I’d say that keeping everything in 16 bit is sufficient, there is no need to use float. Float could be useful when working with linear light, because dark areas need more precision. Or when working with non-perceptually uniform colorspaces like CIE XYZ. Keeping a pipeline in float also avoids the conversion overhead, but the gain has to be balanced with the memory bandwidth doubling and related cache issues.

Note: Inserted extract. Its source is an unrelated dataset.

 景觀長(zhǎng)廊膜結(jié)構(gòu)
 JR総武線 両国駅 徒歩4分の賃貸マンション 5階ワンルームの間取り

For the dithering algorithms, you’ll find relevant information here:
http://caca.zoy.org/wiki/libcaca/study/2
http://caca.zoy.org/wiki/libcaca/study/3
http://caca.zoy.org/wiki/libcaca/study/4
Filter Lite (Sierra 2-4A) is OK as a general purpose dither algorithm and is very similar to Floyd-Steinberg. Anyway if you want to dither to 8 bits before encoding to avoid colorbanding, you’ll probably prefer using ordered dithering.

ajp_anton:

Technically, YCgCo just is another linear combination of the RGB values into signals approximating perceptual luminance and chrominance. But the result is different enough to create another category. I think it’s suited more for encoding than for processing, as it is reported to compress a bit better than YUV. It is specified by MPEG-4 part 10 (H.264) but I think players and encoders supporting it are still rare.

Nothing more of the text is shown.